One evening, after helping us watch our daughter for the entire day, I told the parentals that we should go grab dinner, my treat. I suggested Rinka, this new Japanese restaurant I’ve been hearing about through the foodie grapevine. Much like the discovery of Marukame Udon a couple years ago, Pops had already heard about Rinka and has been wanting to eat there as well. Deal!
Rinka Japanese Restaurant sign
Located on Makaloa (between Walgreen’s and Hawaii USA FCU, on the backside of Heald College and Roger Dunn Golf), Rinka’s sliding door entrance, zen sand/rock garden (cleverly shaped as the Hawaiian Islands) in the foyer, and “Irrashaimase” greeting gave the exact authenticity I was looking for.
Nicely renovated with wood and cement accents, Rinka boasts a sushi bar, and a decent amount of western style seating…

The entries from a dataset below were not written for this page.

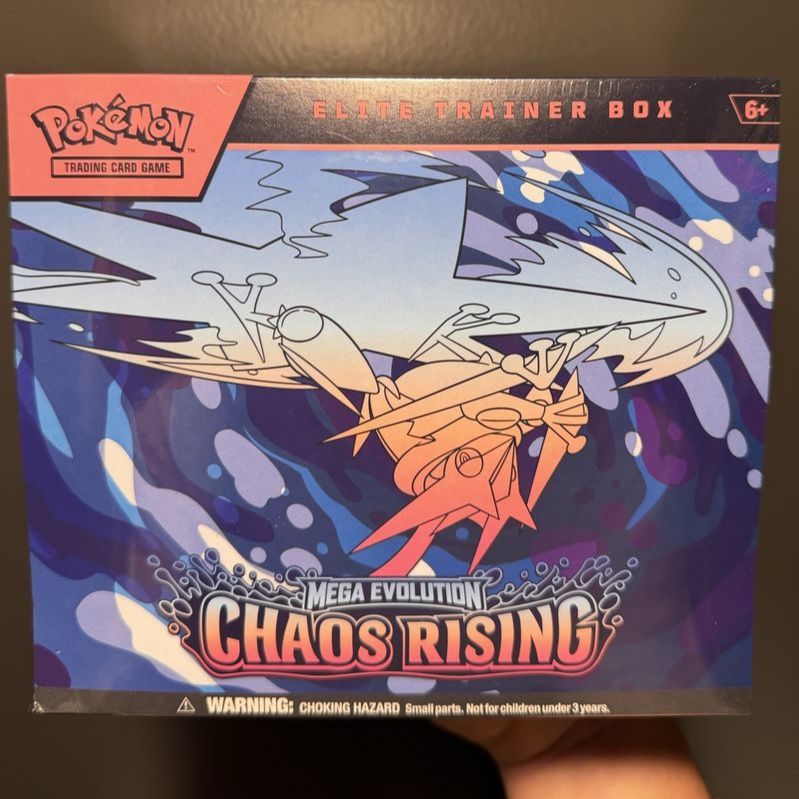 Chaos Rising ETB For Trade
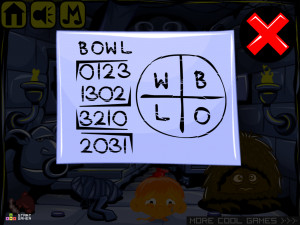 Игра Счастливая Обезьянка 534: Замковый Котел — Глава 4 (Monkey GO Happy Stage 534: Castle Cauldron — Chapter 4) — играть онлайн бесплатно (изображение №5)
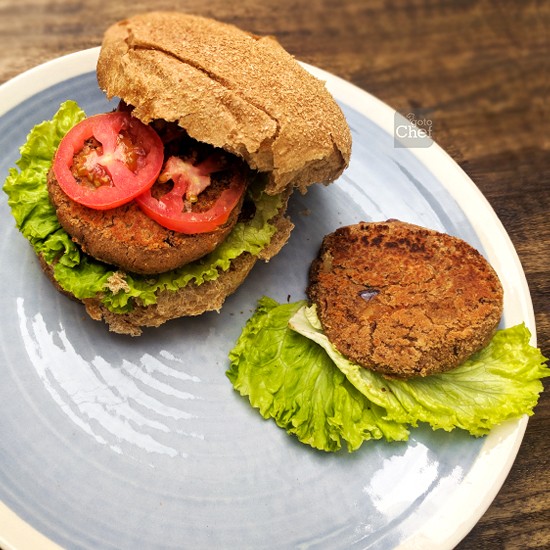 Rajma Burger Recipe Rajma Burger Recipe
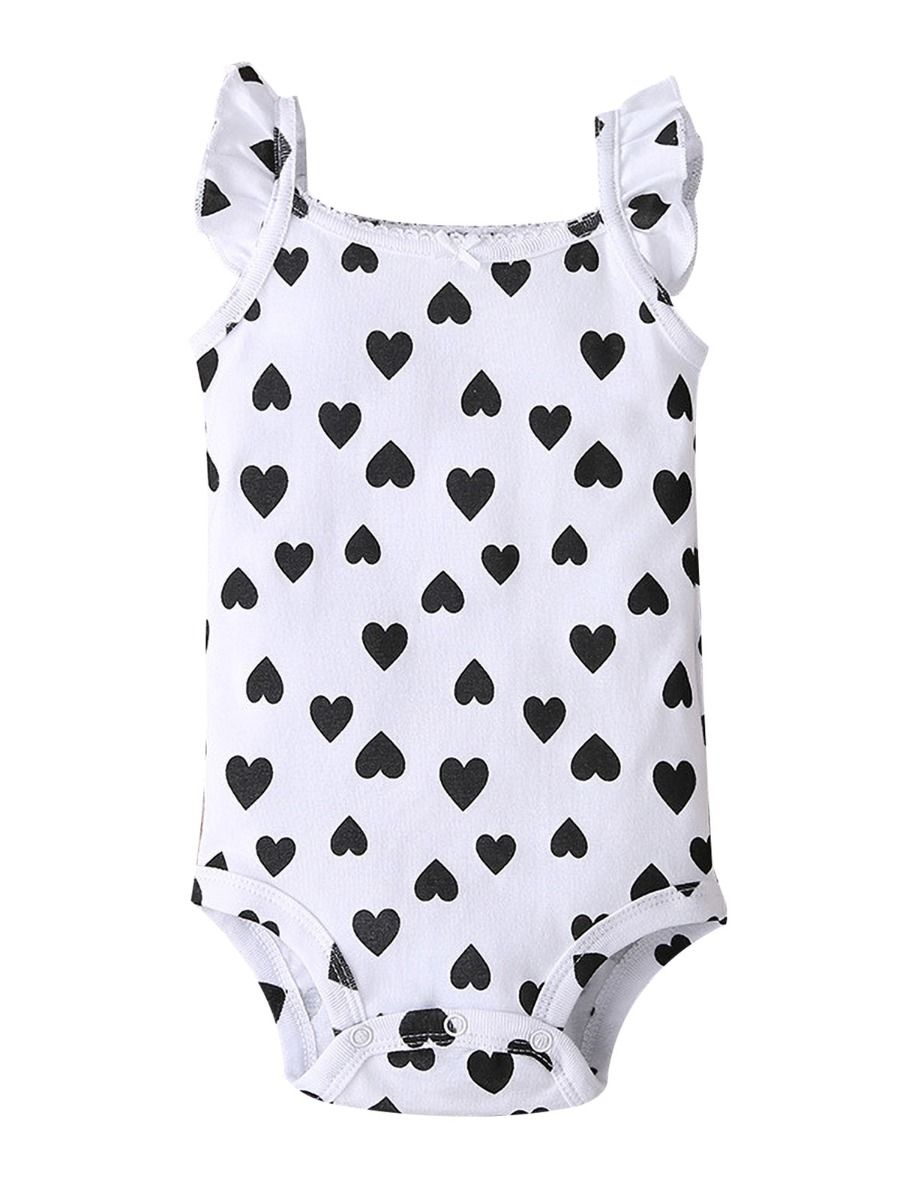 Wholesale Simple Baby Onesies Cami Bodysuit 200527867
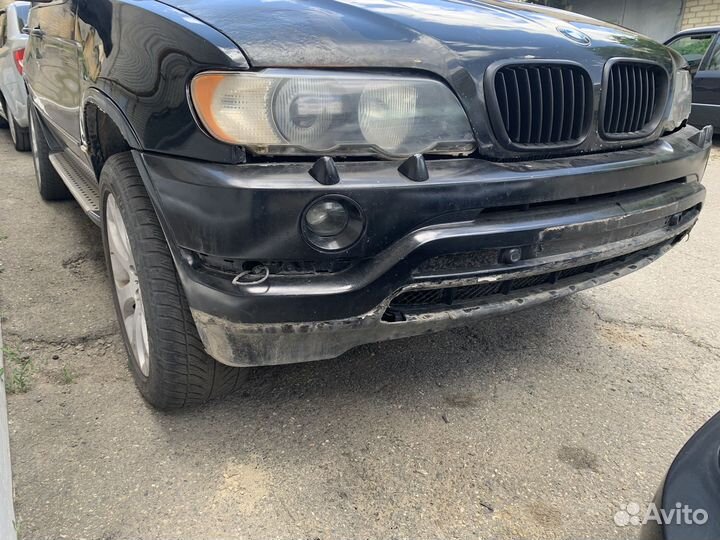 Морда Ноускат BMW X5 e53 дорест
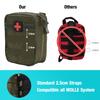 First Aid Medical Bag Pouch Backpack for Travel Camping Cycling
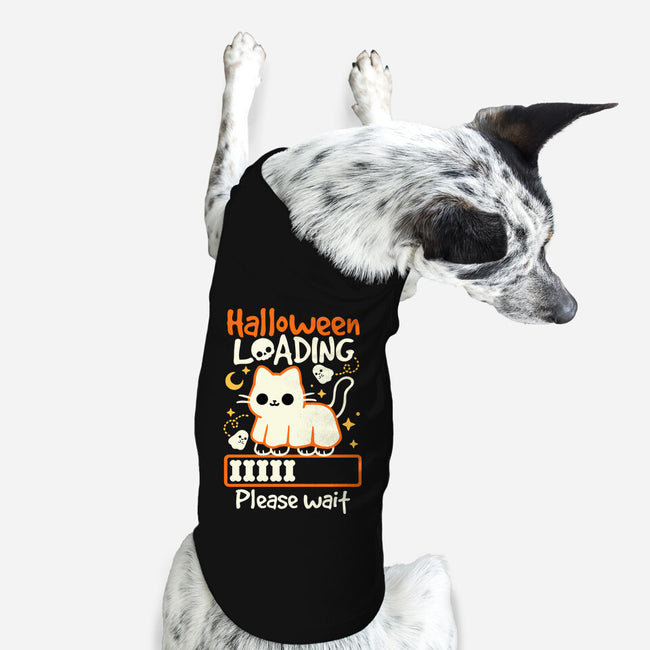 Halloween Loading-Dog-Basic-Pet Tank-NemiMakeit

… But if you want the full-on Nippon experience, see if you can reserve the “tatami” room like we did. Although the ground was not exactly made out of tatami, there is kotatsu style seating (low table with feet in the ground) and you have the luxury of privacy if the other table doesn’t get filled during your meal.
Inside the “tatami” room
The menu is a quite diverse with 14 appetizers, 5 shabu shabus, 3 hot pots, 3 salads, 6 deep fried, 4 boiled, & 5 grilled choices, 11 sashimi offerings, and 8 donburi/udon options. With the exception of a couple items for the bebe (sushi egg & chicken karaage), we played it safe and ordered from the “kou-su” (set course) menu, which included many of their popular items.
Sushi Egg from the Appetizer section ($3.75)

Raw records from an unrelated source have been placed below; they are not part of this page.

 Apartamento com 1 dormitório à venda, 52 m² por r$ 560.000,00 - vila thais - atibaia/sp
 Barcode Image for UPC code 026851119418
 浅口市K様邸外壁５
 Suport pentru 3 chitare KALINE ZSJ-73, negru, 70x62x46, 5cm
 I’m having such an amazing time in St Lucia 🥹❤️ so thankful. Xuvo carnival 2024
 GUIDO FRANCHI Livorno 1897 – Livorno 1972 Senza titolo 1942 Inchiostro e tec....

Chicken Karaage from the Deep Fried section ($7.75)
First up in the kou-su was the Mozuku & Ika Marine (Cladosiphon okamuranus seaweed & squid vinegar concoction).
Ika Marine & Mozuku
The second item was the Snapper in a Spinach Base Soup, complete with gold flakes on top (hence the “Gold” in the title of this article)! BRAH! This one was probably one of my favorites in the kou-su! Super ono!
Snapper in a Spinach Base Soup
Next was the Sashimi Tsukuri, a nicely presented offering of ahi and snapper.
The Renkon Manjyu (lotus root manjyu) was one of my other favorites and up next.
I’m not a fan of onions and tomatoes, so I had to do some maneuvering when eating the next dish: Crab Tomato Salad.
Crab Tomato Salad
Next was the Abalone Croquette, one of the most popular items on their menu. To me, it was just ok.
And then came the “ingrediments” for the Buta (pork) Shabu Shabu.
Buta (pork) strips for the Buta Shabu Shabu
Veggies for the Buta Shabu Shabu
Buta Shabu Shabu simmering
Pops showing his shabu shabu skills
As with other shabu shabu or hot pot restaurants, you get the option of making the most of your remaining soup base by ordering noodle or rice options to finish things off. We went with one of each: rice, ramen noodles, and udon!
Ramen noodles simmering
Udon dekiagari (pau!)
The “kou-su” finishes with a few dessert options. We went with the Mochi Ice Cream and Sakura Cheesecake options.
Mochi Ice Cream
Sakura Cheesecake (more golllld!)
The “kou-su” is normally $60, but we got it for their special, grand opening $45 rate. We ordered 3 sets, which was more than enough for 4 of us adults.
Kudos to Executive Chef Kazufumi Sonoda for delivering a medley of memorable dishes. Rinka is a definitely try, with or without gold sprinkles.